Top of Records shown

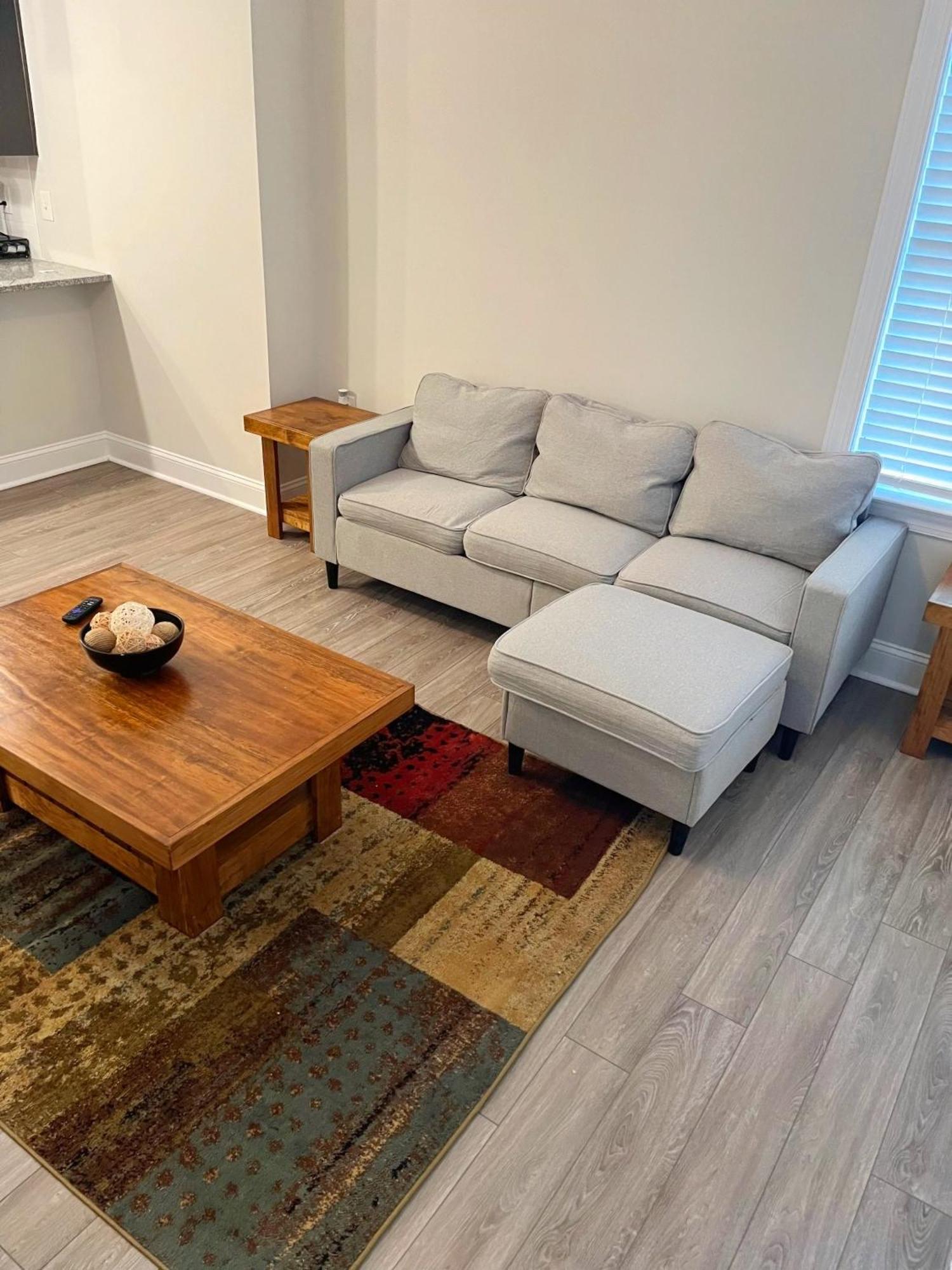 Quiet Apartment - 10 Minutes From Ecu غرينفيل المظهر الخارجي الصورة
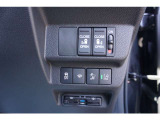 両側電動スライドドア付。通常のドアに比べて、車のボディーに対し平行に開閉し、開けてもスペースを取りません。出入り口が大きいドアはお子様のいるご家庭はもちろん、混んだ駐車場でも大活躍です!
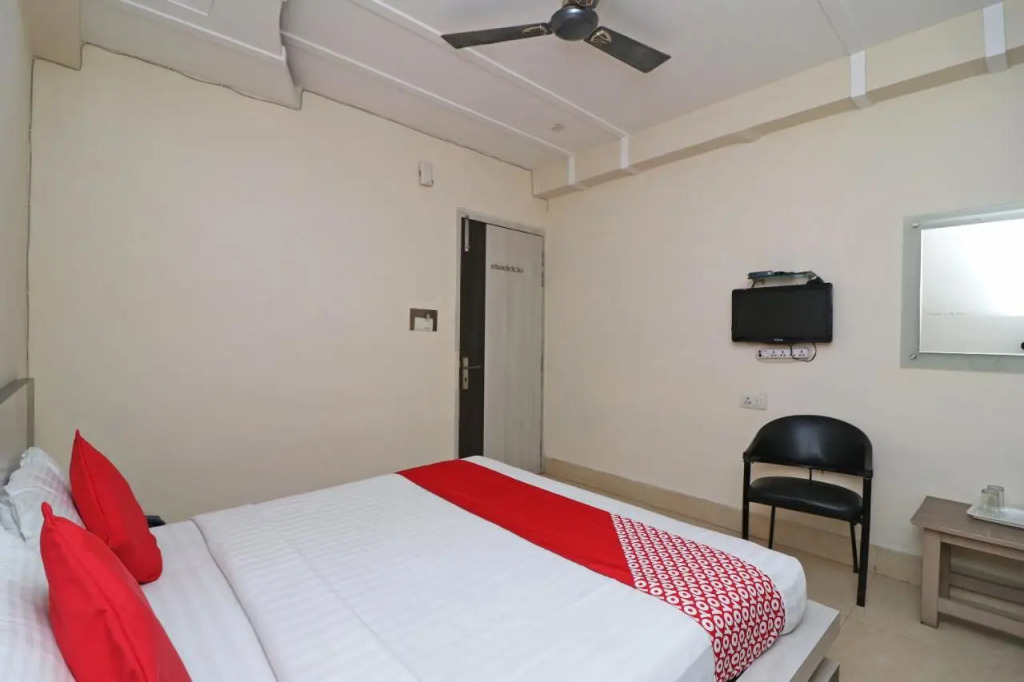 Hotel Mandiram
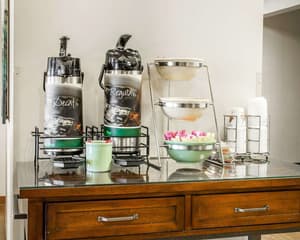 thumbnail: Breakfast area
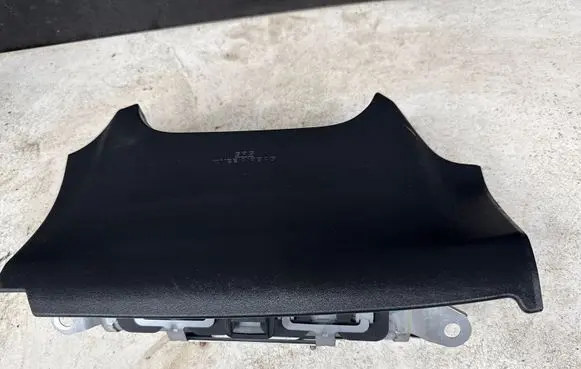 Toyota Auris 150 Knee airbag GA51300120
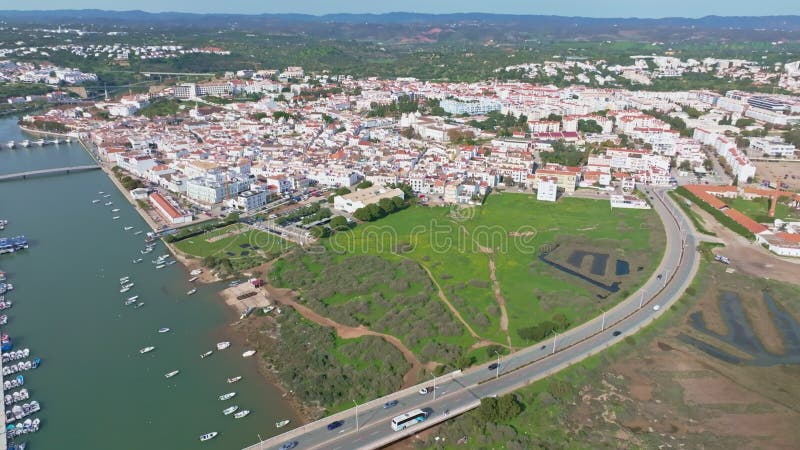 Vue aérienne de Tavira en Algarve du Portugal banque de vidéos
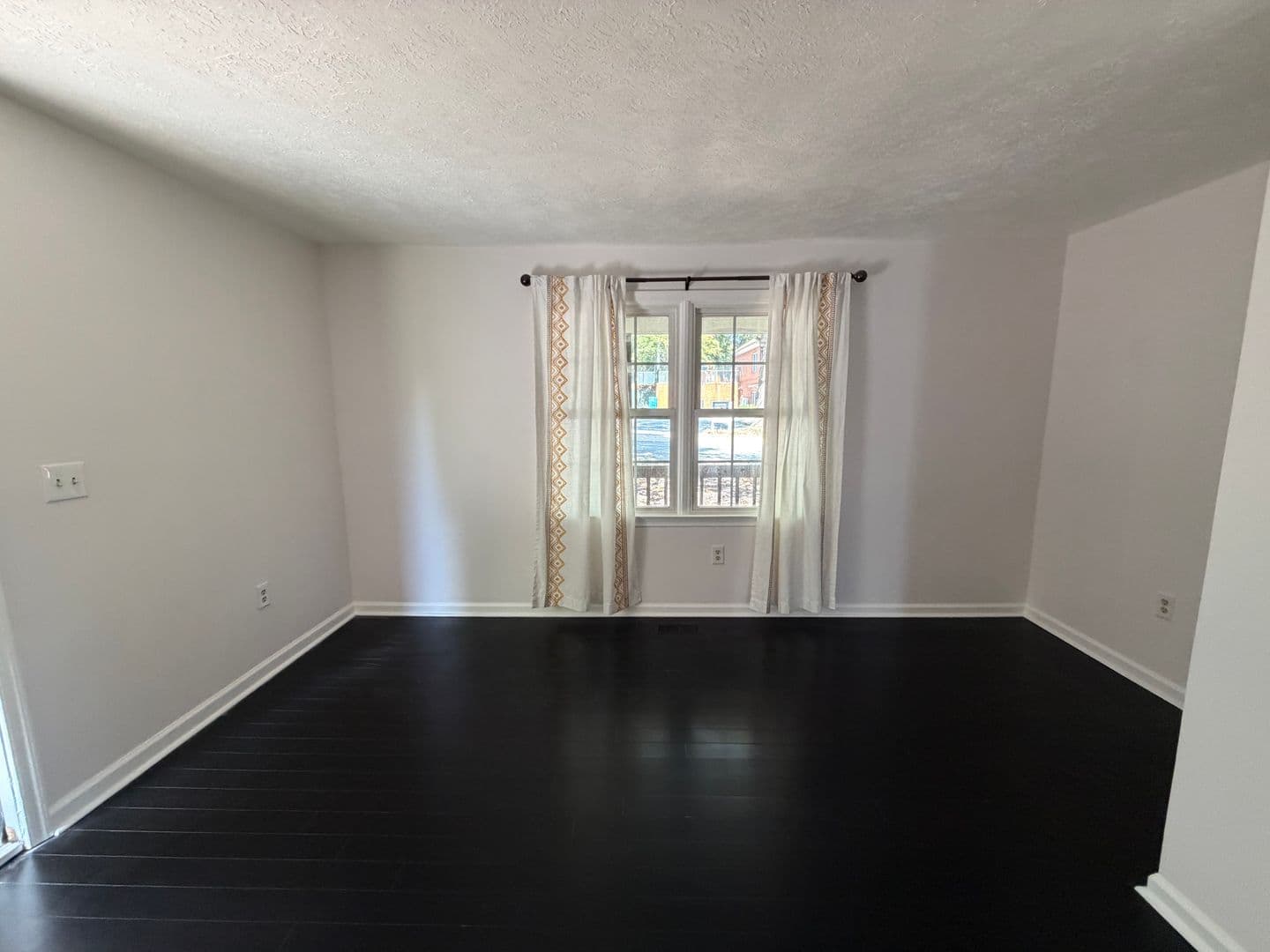 840 Estes Street 8 of 33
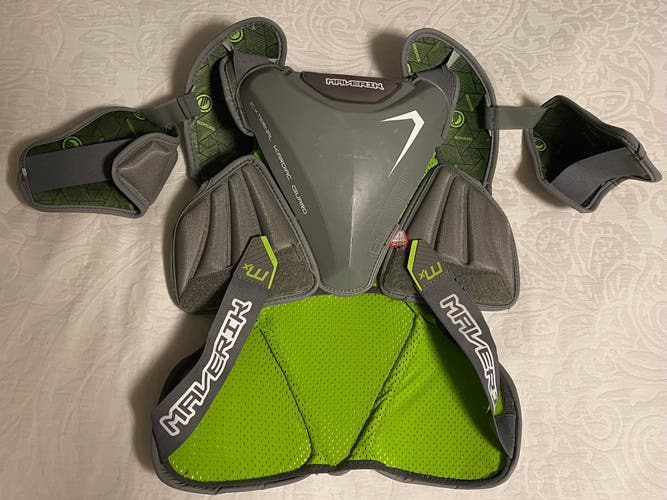 Medium Adult Maverik MX Shoulder Pads (Used)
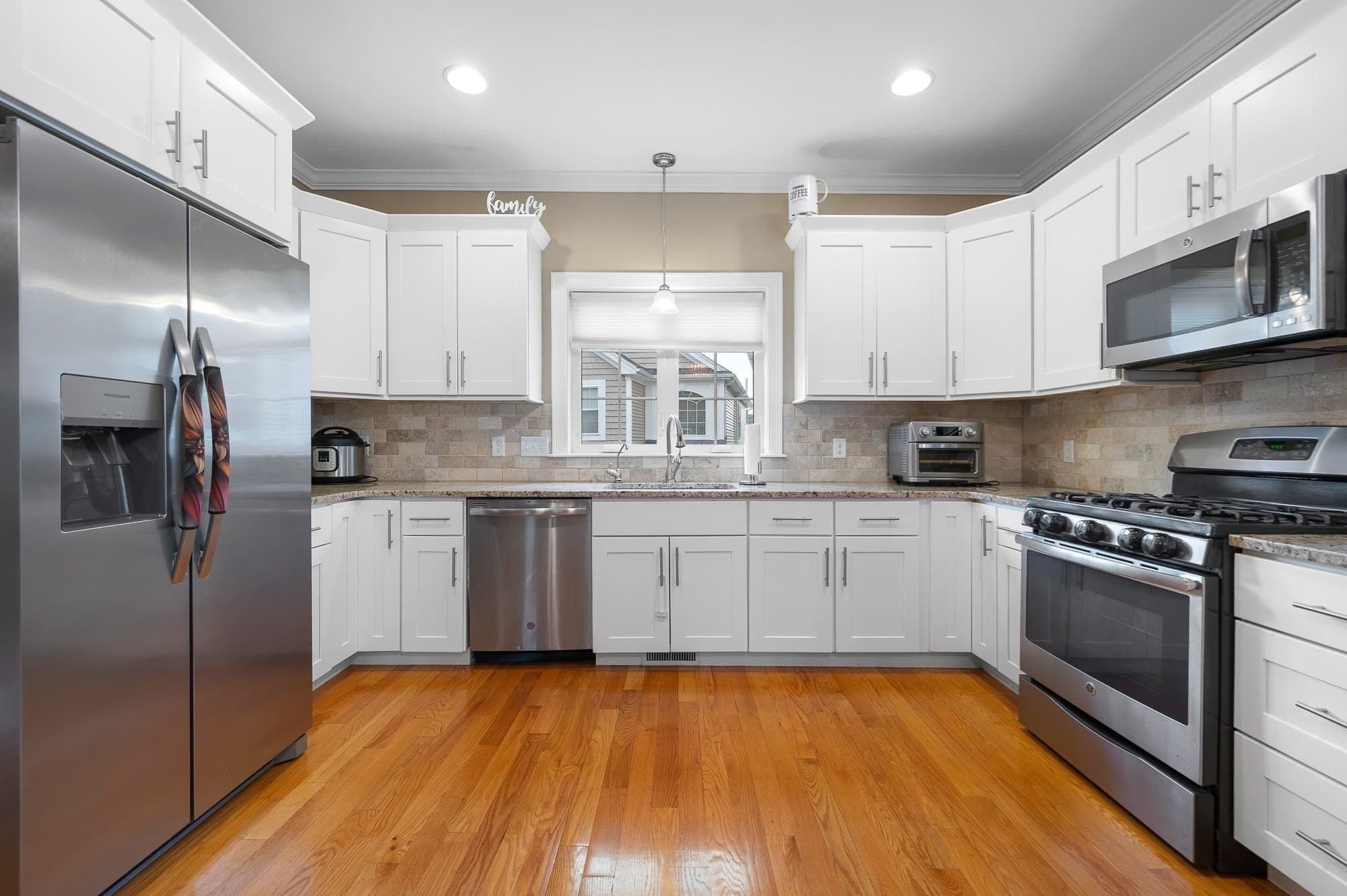 Condominium at 210 S Quinsigamond Ave # 2, Shrewsbury MA 01545, Shrewsbury, photo 8 of 39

Bottom of Records shown

[To do]: All lines from the one containing "840 Estes Street 8 of 33" through the final line of the entries above are to be copied exactly; the pictures are not.

[Response box]:
 840 Estes Street 8 of 33
 Medium Adult Maverik MX Shoulder Pads (Used)
 Condominium at 210 S Quinsigamond Ave # 2, Shrewsbury MA 01545, Shrewsbury, photo 8 of 39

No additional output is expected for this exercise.